Comme l’indique le rapport final, les témoignages des membres de famille et des survivantes de la violence ont fait état d’un contexte marqué par les traumatismes multigénérationnels et intergénérationnels et par la marginalisation sous forme de pauvreté, de logement précaire ou d’itinérance et d’obstacles à l’éducation, à l’emploi, aux soins de santé et au soutien culturel. Les experts et les Gardiens du savoir ont parlé des politiques coloniales et patriarcales qui ont éloigné les femmes de leur rôle traditionnel dans les communautés et au sein de la gouvernance et diminué leur statut social, les rendant ainsi vulnérables à la violence.
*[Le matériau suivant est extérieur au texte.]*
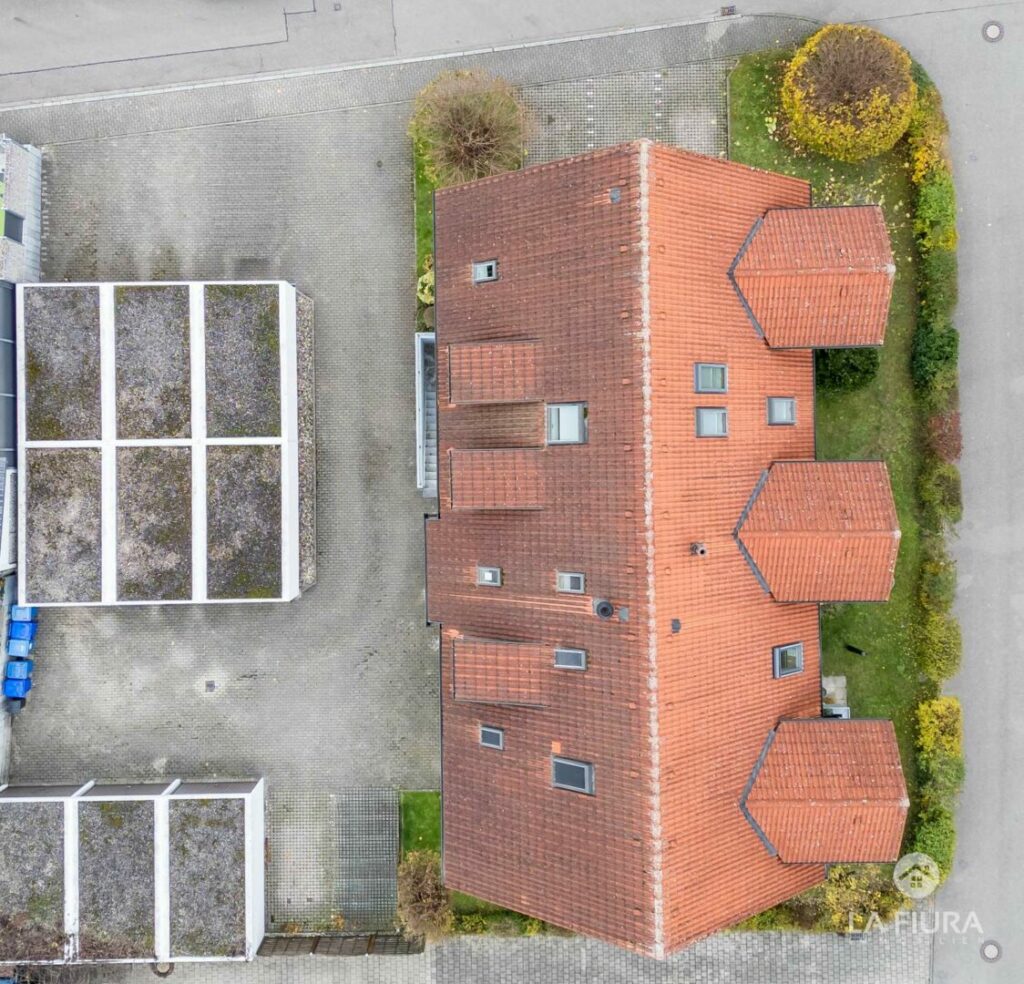 Luftbild MFH und Garagen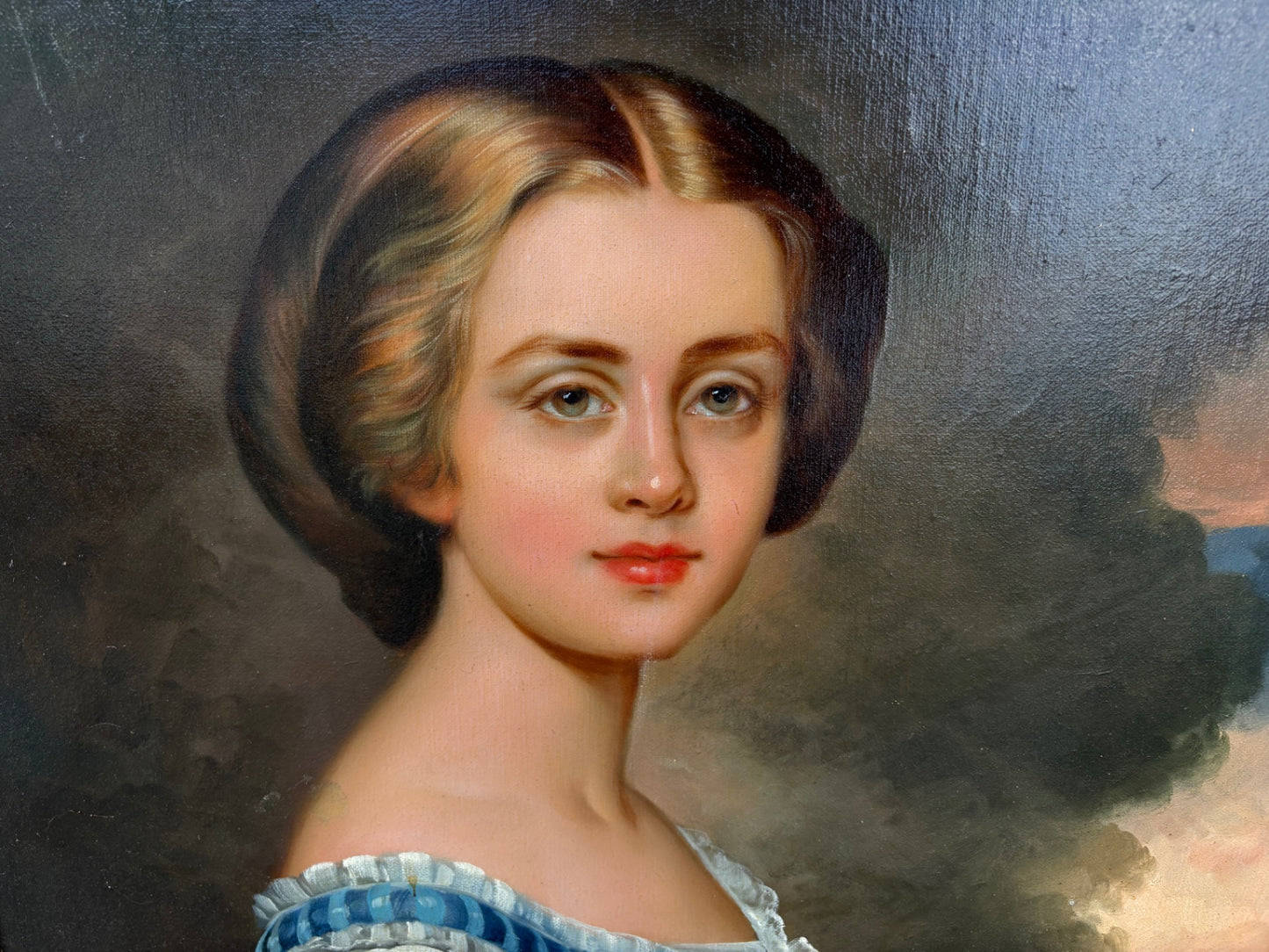 68040 Elegant Victorian Portrait of a Woman in Ornate Gilded Frame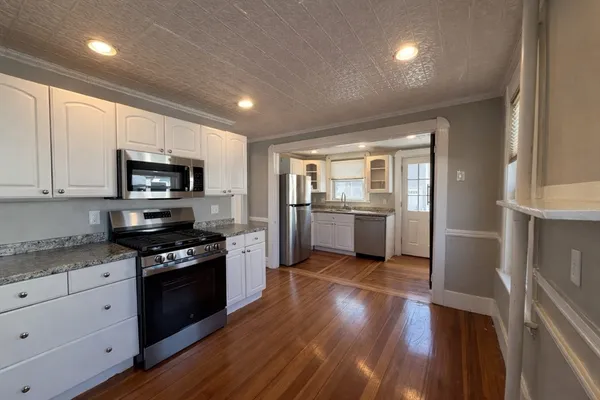 $1,200,000 | 481 Humphrey Street, Swampscott, MA 01907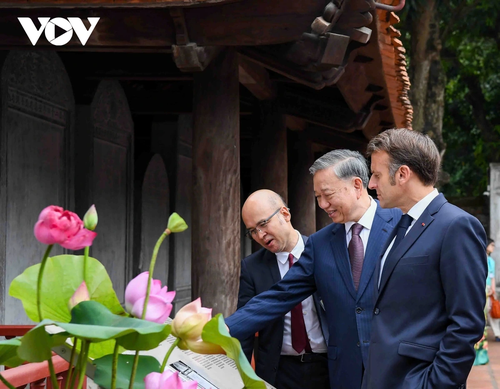 Tổng Bí thư Tô Lâm và Tổng thống Pháp thăm Văn Miếu - Quốc Tử Giám - ảnh 4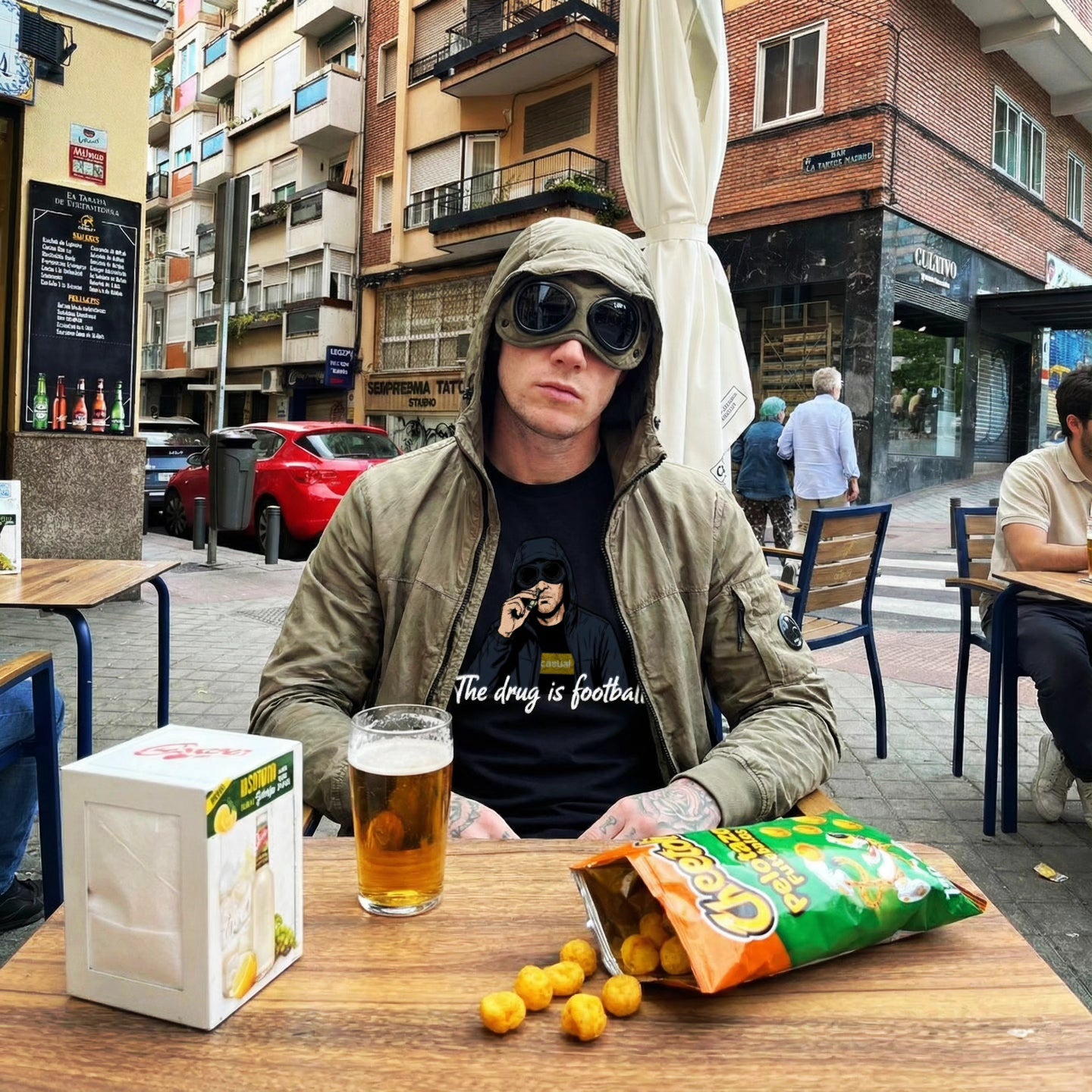 Camiseta ruff- THE DRUG IS FOOTBALL NEGRA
Un rapport complémentaire : Québec

L’Enquête nationale dépose en même temps un rapport spécifique au Québec afin d’accorder une attention particulière au problème de la violence envers les femmes et les filles autochtones dans cette province. Le rapport souligne des enjeux particuliers comme la barrière de la langue, les services de santé et les services sociaux fournis par des congrégations religieuses, de même que les interactions entre les Autochtones et les services de police provinciaux.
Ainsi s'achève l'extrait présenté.